# Data extract
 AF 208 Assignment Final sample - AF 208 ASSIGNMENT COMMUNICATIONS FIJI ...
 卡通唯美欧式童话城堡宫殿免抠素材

--

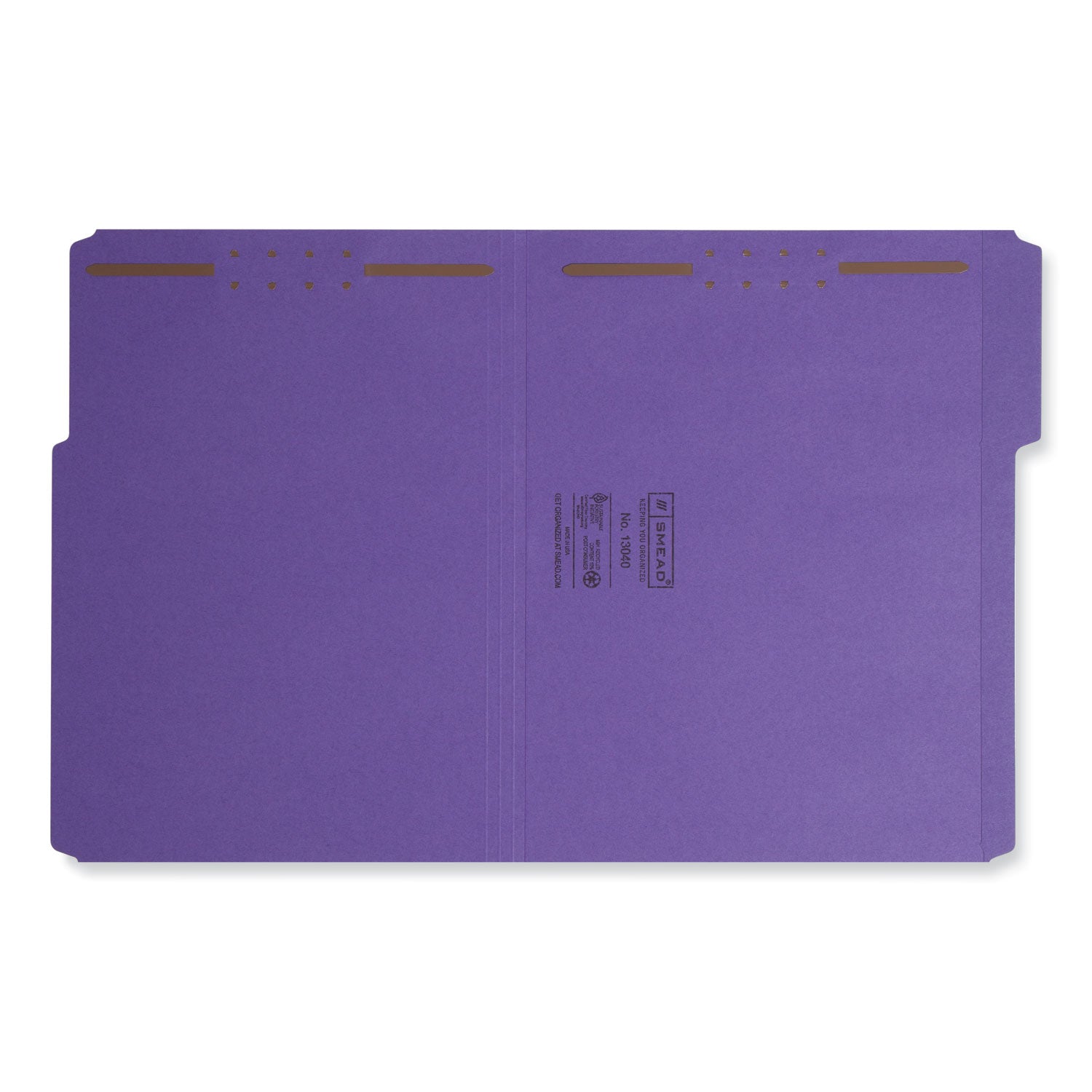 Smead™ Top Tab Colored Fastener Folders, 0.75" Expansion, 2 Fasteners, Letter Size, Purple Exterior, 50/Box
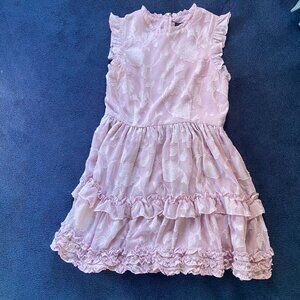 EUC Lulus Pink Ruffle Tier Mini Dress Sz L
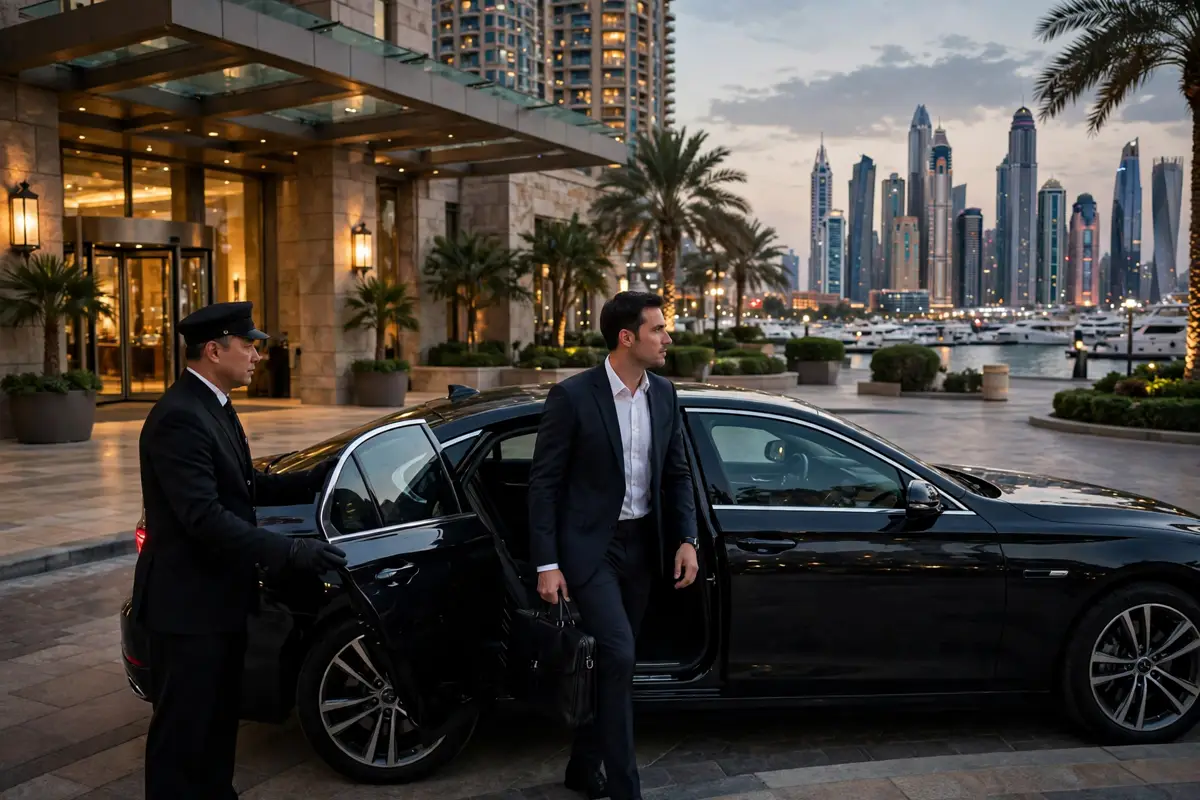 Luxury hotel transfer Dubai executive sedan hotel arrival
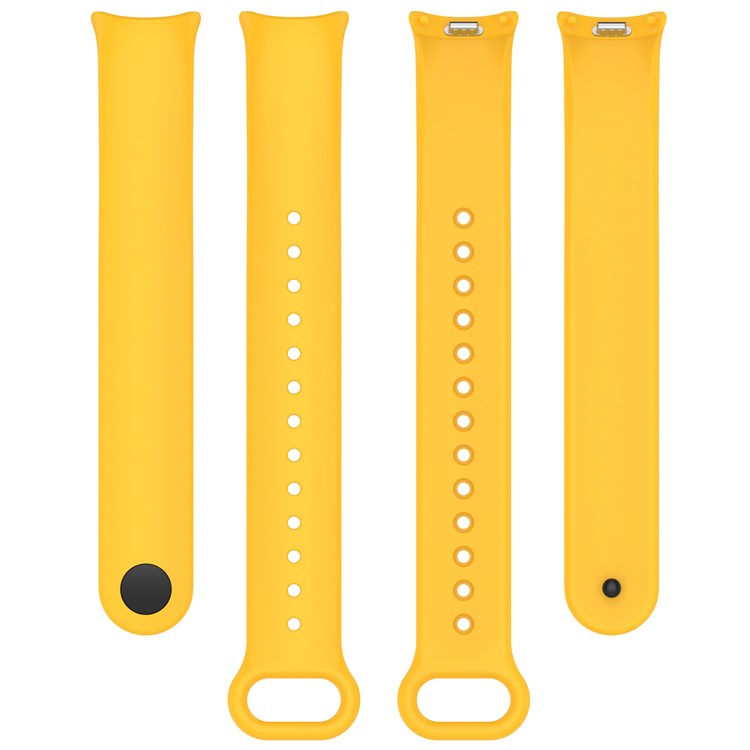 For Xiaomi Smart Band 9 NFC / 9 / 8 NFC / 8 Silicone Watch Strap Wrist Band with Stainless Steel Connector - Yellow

# What is needed
Every line above from the line with "AF 208 Assignment Final" to the line with "卡通唯美欧式童话城堡宫殿免抠素材", both included, must be reproduced exactly, and no other line may appear.

# Response area
 AF 208 Assignment Final sample - AF 208 ASSIGNMENT COMMUNICATIONS FIJI ...
 卡通唯美欧式童话城堡宫殿免抠素材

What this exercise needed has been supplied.